Archive for October 10th, 2008

Piri despair haiku

Holy piriformis, Batman!

Seriously, my piriformis was angry today. Or maybe it’s the gluteus medius? I don’t really know. I’ve been too busy to try to look things up and figure it out.

Work has been insane since last Friday. We are rolling out a new program and there are all kinds of customer satisfaction things to think about, and then there was a programming glitch — well, not a programming glitch, really, so much as a human logic glitch. The programmers did their job just fine. The people who were trying to figure out the logic of some of our initiatives (including me) came up short on the “figure out every possible permutation” challenge.

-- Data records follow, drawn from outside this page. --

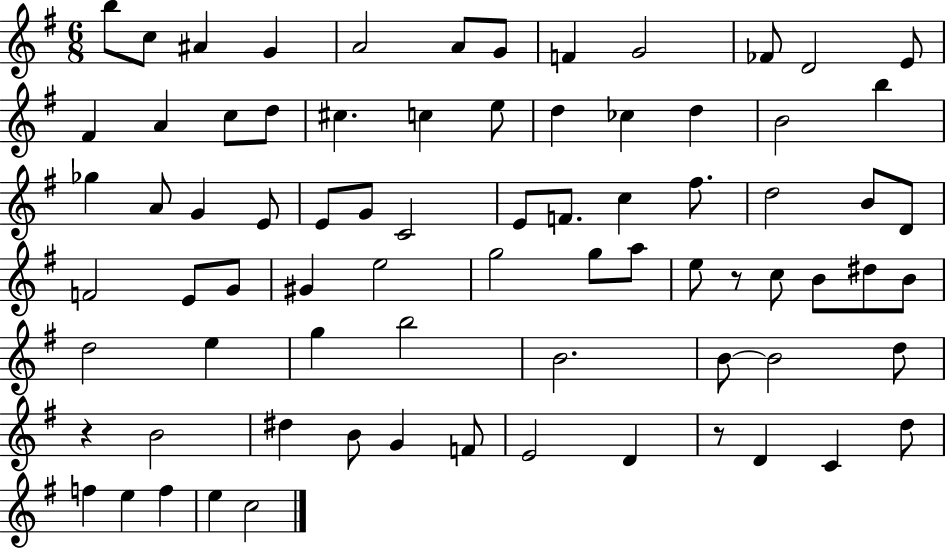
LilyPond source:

{
  \clef treble
  \numericTimeSignature
  \time 6/8
  \key g \major
  b''8 c''8 ais'4 g'4 | a'2 a'8 g'8 | f'4 g'2 | fes'8 d'2 e'8 | \break fis'4 a'4 c''8 d''8 | cis''4. c''4 e''8 | d''4 ces''4 d''4 | b'2 b''4 | \break ges''4 a'8 g'4 e'8 | e'8 g'8 c'2 | e'8 f'8. c''4 fis''8. | d''2 b'8 d'8 | \break f'2 e'8 g'8 | gis'4 e''2 | g''2 g''8 a''8 | e''8 r8 c''8 b'8 dis''8 b'8 | \break d''2 e''4 | g''4 b''2 | b'2. | b'8~~ b'2 d''8 | \break r4 b'2 | dis''4 b'8 g'4 f'8 | e'2 d'4 | r8 d'4 c'4 d''8 | \break f''4 e''4 f''4 | e''4 c''2 | \bar "|."
} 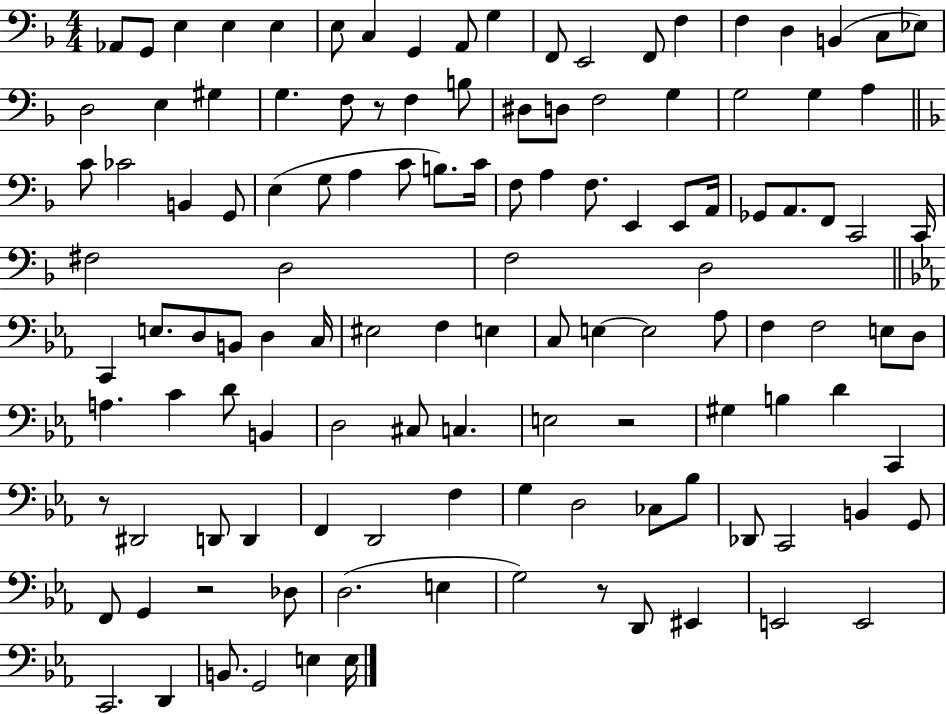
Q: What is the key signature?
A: F major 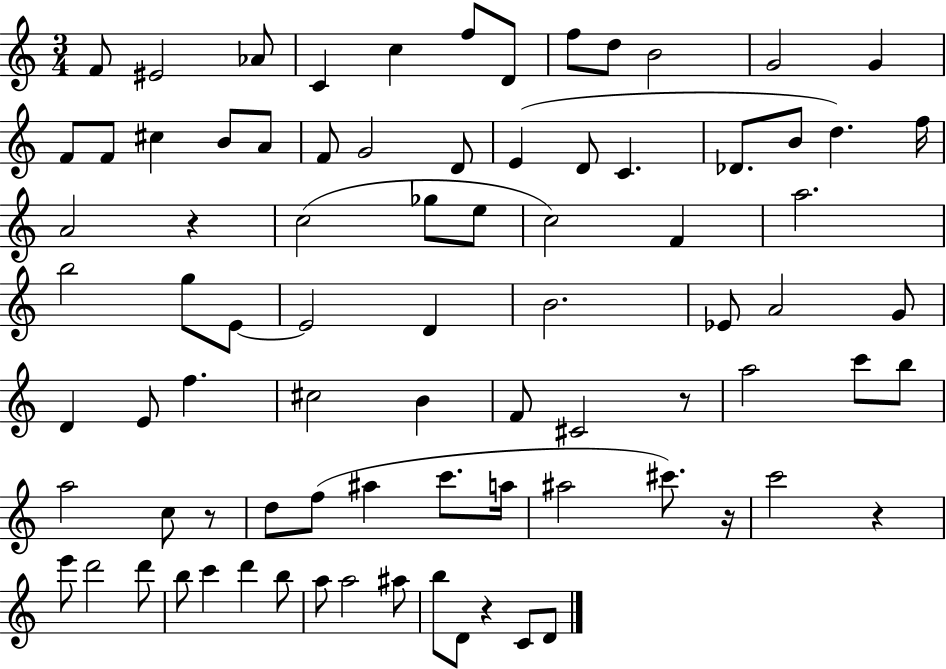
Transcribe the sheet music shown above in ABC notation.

X:1
T:Untitled
M:3/4
L:1/4
K:C
F/2 ^E2 _A/2 C c f/2 D/2 f/2 d/2 B2 G2 G F/2 F/2 ^c B/2 A/2 F/2 G2 D/2 E D/2 C _D/2 B/2 d f/4 A2 z c2 _g/2 e/2 c2 F a2 b2 g/2 E/2 E2 D B2 _E/2 A2 G/2 D E/2 f ^c2 B F/2 ^C2 z/2 a2 c'/2 b/2 a2 c/2 z/2 d/2 f/2 ^a c'/2 a/4 ^a2 ^c'/2 z/4 c'2 z e'/2 d'2 d'/2 b/2 c' d' b/2 a/2 a2 ^a/2 b/2 D/2 z C/2 D/2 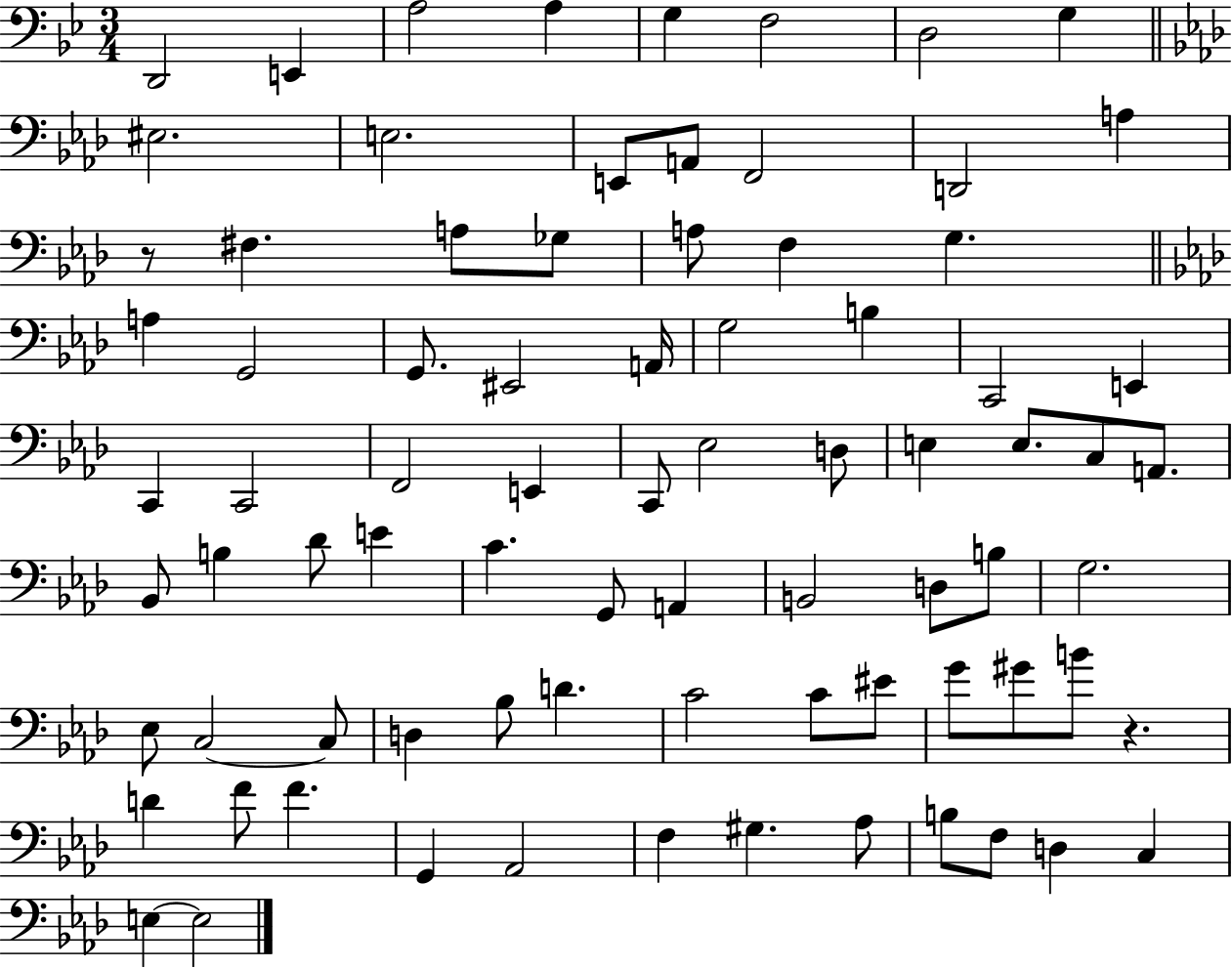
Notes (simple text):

D2/h E2/q A3/h A3/q G3/q F3/h D3/h G3/q EIS3/h. E3/h. E2/e A2/e F2/h D2/h A3/q R/e F#3/q. A3/e Gb3/e A3/e F3/q G3/q. A3/q G2/h G2/e. EIS2/h A2/s G3/h B3/q C2/h E2/q C2/q C2/h F2/h E2/q C2/e Eb3/h D3/e E3/q E3/e. C3/e A2/e. Bb2/e B3/q Db4/e E4/q C4/q. G2/e A2/q B2/h D3/e B3/e G3/h. Eb3/e C3/h C3/e D3/q Bb3/e D4/q. C4/h C4/e EIS4/e G4/e G#4/e B4/e R/q. D4/q F4/e F4/q. G2/q Ab2/h F3/q G#3/q. Ab3/e B3/e F3/e D3/q C3/q E3/q E3/h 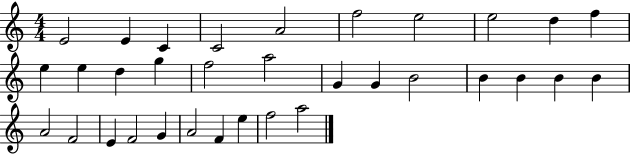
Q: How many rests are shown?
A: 0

So starting Friday morning, and continuing on until close of business Tuesday, I was locked in a room, thinking and re-thinking three strings of logic that couldn’t, in the end, be reconciled.

But it was fun, you know, getting the headaches.

While all my other work, already on absurdly tight deadlines, backed up.

***

I practiced valiantly each morning, though. When work is that crazy, morning practice is all about getting it done and moving on. Which is fine. In those instances, the practice is a surface upon which “real life” is anchored. During those times, practice and life aren’t integrated. Which isn’t — I suppose — optimal, but so be it.

I have a slip of paper here that I found in the yoga room this morning. On it, a note-to-self: Sometimes practice is all about the processing and transformation of despair.

Interestingly, we use the practice to *generate* despair, too. I mean, in the end, I imagine practice can be a despair processor for life-in-general. The funny thing, though, is that we generate all kinds of angst around the very practice itself, and then use that to refine the processor. Kinda funny.

***

When you are both alive and dead,
Thoroughly dead to yourself,
How superb
The smallest pleasure.

Bunan 1602-76

***

I just went out on the patio, realizing Tyler was being too quiet. Managed to sneak up on him: he was lying there with a little pile of dirt between his paws, which he’d taken from a planter and was happily eating. Nothing better than lying in the sun, eating some dirt. He looked up guiltily when he realized I was there. He is so freaking cute.

Now he’s here on the couch, trying to get hold of one of his favorite things: a hair tie. In this case, the hair tie I’m wearing.

***

Tyler is now on an elimination diet to try to pinpoint what, exactly, he is allergic to. The Cop brought him to his favorite vet in the world, which involves close to a two hour drive time (each way!). She is running blood tests, and in the meantime, an elimination diet.

And to top it off, Tyler is eating a vegetarian elimination diet. Brown rice, pinto beans, tofu, some green veggies, apples, carrots. That’s it.

The difference in his health is astonishing. His skin is no longer all pink and angry; he doesn’t scratch relentlessly; he sleeps better. He is so much happier.

Last night, I gave him some flax oil, and he had an allergy attack. I looked at the kibble we were feeding him. Yup. Flax. We’ll see what else the blood tests tell us when they come back.

The beauty part of this diet is that I am making huge pots of rice and beans. We keep all of the dog food on the middle shelf of the refrigerator. Maxine has always had a raw food diet: ground meat and bones, chopped veggies, raw eggs. Now there’s a tupperware of beans and one of rice and a container of tofu.

The Cop was kind of horrified the other morning as I made my lunch before work. “Are you eating the dog’s food?” he asked, as I pulled tubs off the middle shelf.

“Yeah! It’s great!” I replied. Very handy.

***

And now Tyler is fast asleep beside me, lying on his back with a length of climbing rope clenched in his teeth.